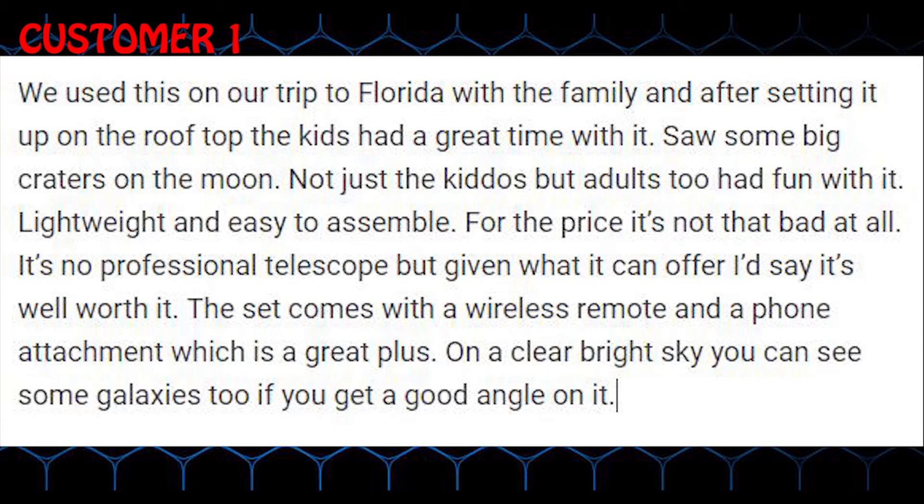We used this on our trip to Florida with the family and after setting it up on the rooftop the kids had a great time with it. Saw some big craters on the moon. Not just the kiddos but adults too had fun with it.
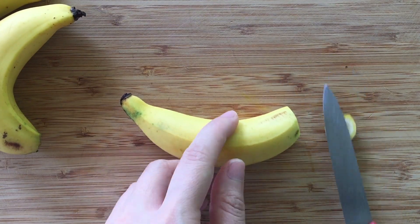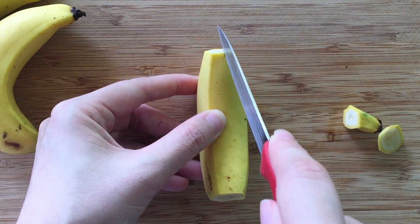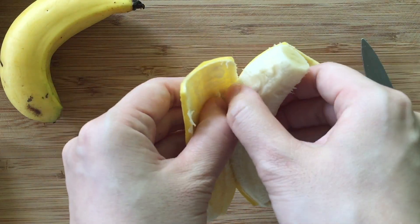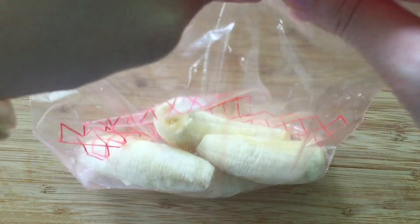Banana skins can be as crispy as potato chips when pan-fried. Remove banana peels and keep the flesh in a ziplock bag. You can store them in the freezer for baking cakes or muffins some other time.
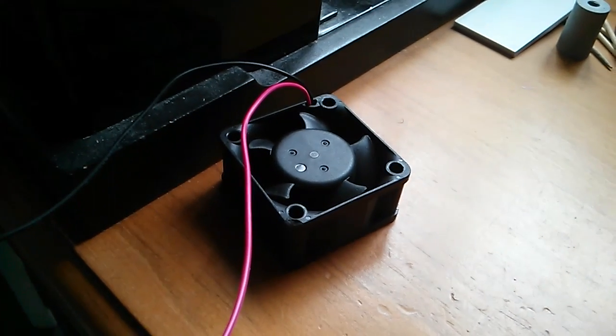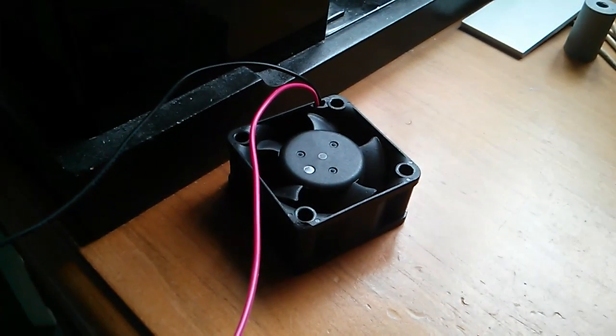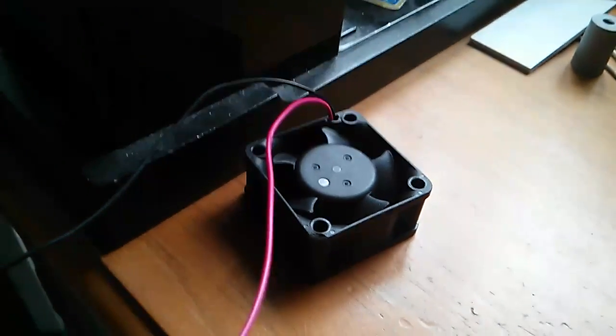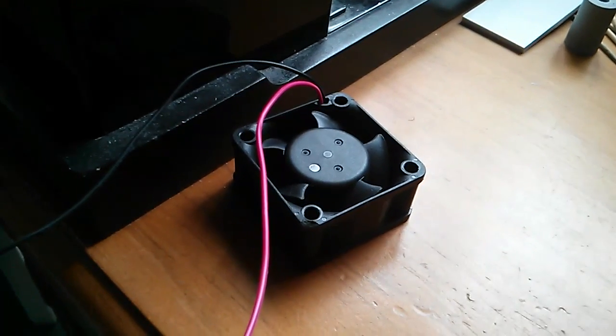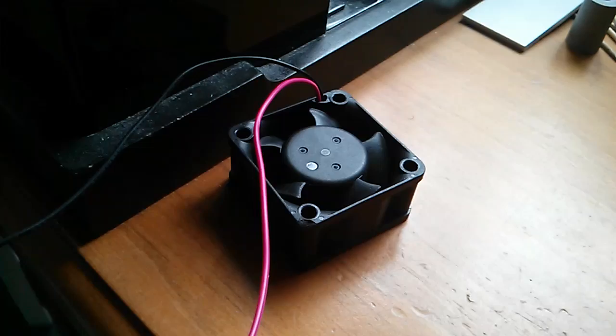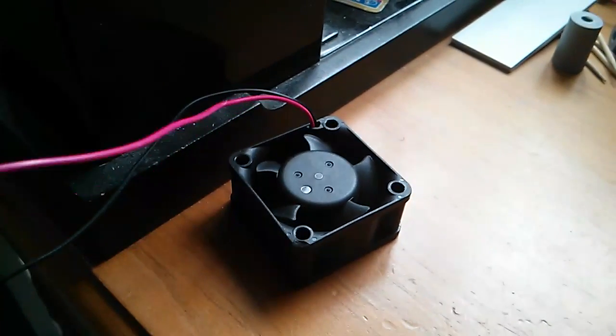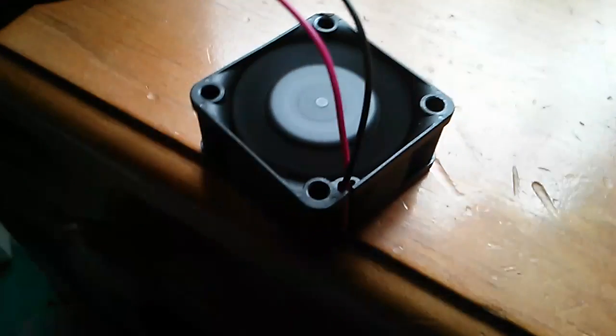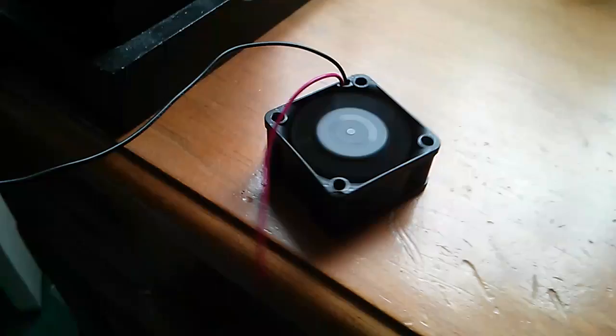Someone was chucking out a power supply at work, so I nicked the fans off it. I thought they'd be good for my 100 watt LED to keep it cool, but these things are mental! Look at this — they're just ridiculously fast and powerful. It's kind of hovering there. That's a crazy fan!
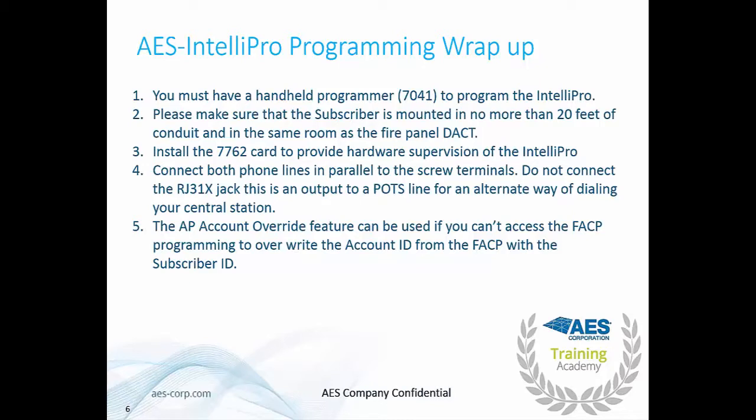Please connect both phone lines in parallel to the screw terminals. Do not connect the RJ31X jack, as this is an output to a POTS line for an alternate way of dialing your central station. The AP account override feature can be used if you can't access the fire panel programming, to overwrite the account ID with the subscriber ID — so you do not need to gain access to the fire panel programming to install an AES subscriber. If you have any additional questions about using the IntelliPro, please contact us at our support line. Thank you very much and have a great day.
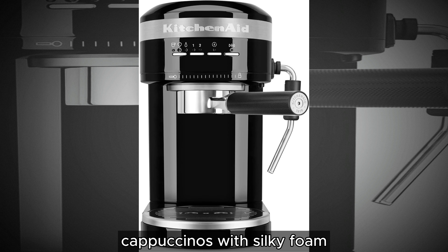Enhance your espresso experience with the cup warmer located atop the machine. Preheat your cups while brewing, ensuring your espresso stays at the perfect temperature from the first sip to the last.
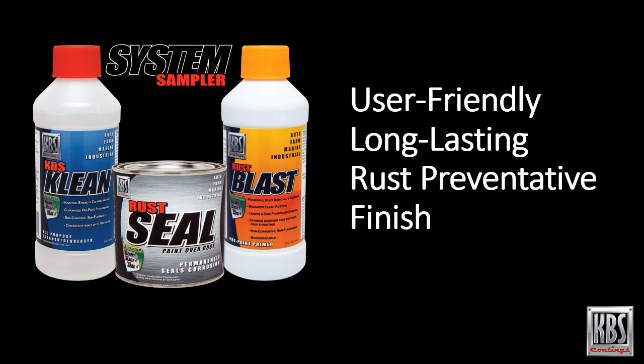To remove rust and seal the metal with a rust preventative coating, KBS offers the System Sampler Kit, which is specifically engineered to be user friendly, reduce labor time, and provide a great looking and long lasting rust preventative finish. This all-inclusive kit contains KBS Clean to clean the mower deck, Rust Blast to remove surface rust and etch the surface for paint adhesion, and Rust Seal, which is a rust preventative paint.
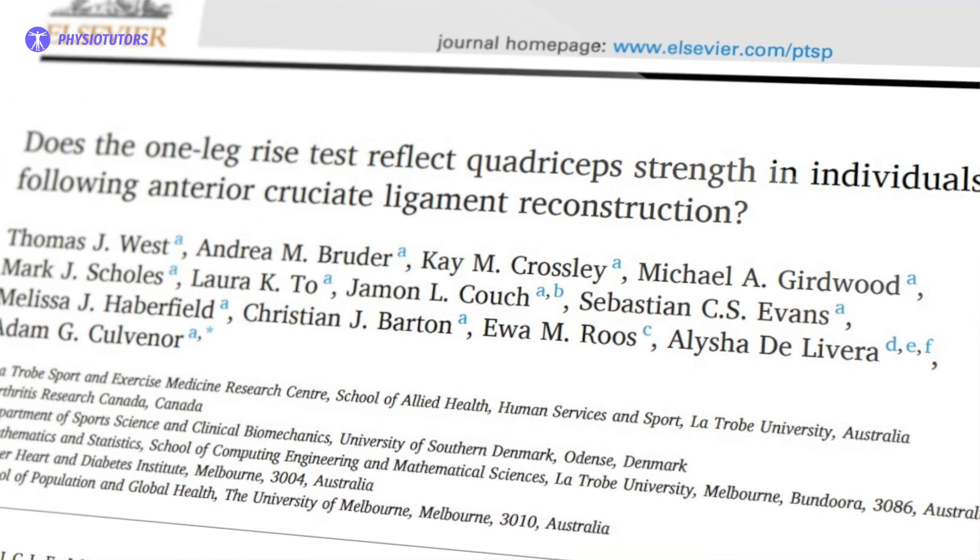To tackle this problem, the one leg rise test was developed to assess strength after ACL reconstruction. A recent study by West et al. in 2023 evaluated the association between the one leg rise test and the gold standard isokinetic strength test. The authors observed that both measurements were associated with both the ACL reconstructed leg and the uninjured leg.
§
§ Task instructions: From the records given above, reproduce all text exactly and exclude each picture.

§ Task result:
We used this on our trip to Florida with the family and after setting it up on the rooftop the kids had a great time with it. Saw some big craters on the moon. Not just the kiddos but adults too had fun with it.
Banana skins can be as crispy as potato chips when pan-fried. Remove banana peels and keep the flesh in a ziplock bag. You can store them in the freezer for baking cakes or muffins some other time.
Someone was chucking out a power supply at work, so I nicked the fans off it. I thought they'd be good for my 100 watt LED to keep it cool, but these things are mental! Look at this — they're just ridiculously fast and powerful. It's kind of hovering there. That's a crazy fan!
Please connect both phone lines in parallel to the screw terminals. Do not connect the RJ31X jack, as this is an output to a POTS line for an alternate way of dialing your central station. The AP account override feature can be used if you can't access the fire panel programming, to overwrite the account ID with the subscriber ID — so you do not need to gain access to the fire panel programming to install an AES subscriber. If you have any additional questions about using the IntelliPro, please contact us at our support line. Thank you very much and have a great day.
Enhance your espresso experience with the cup warmer located atop the machine. Preheat your cups while brewing, ensuring your espresso stays at the perfect temperature from the first sip to the last.
To remove rust and seal the metal with a rust preventative coating, KBS offers the System Sampler Kit, which is specifically engineered to be user friendly, reduce labor time, and provide a great looking and long lasting rust preventative finish. This all-inclusive kit contains KBS Clean to clean the mower deck, Rust Blast to remove surface rust and etch the surface for paint adhesion, and Rust Seal, which is a rust preventative paint.
To tackle this problem, the one leg rise test was developed to assess strength after ACL reconstruction. A recent study by West et al. in 2023 evaluated the association between the one leg rise test and the gold standard isokinetic strength test. The authors observed that both measurements were associated with both the ACL reconstructed leg and the uninjured leg.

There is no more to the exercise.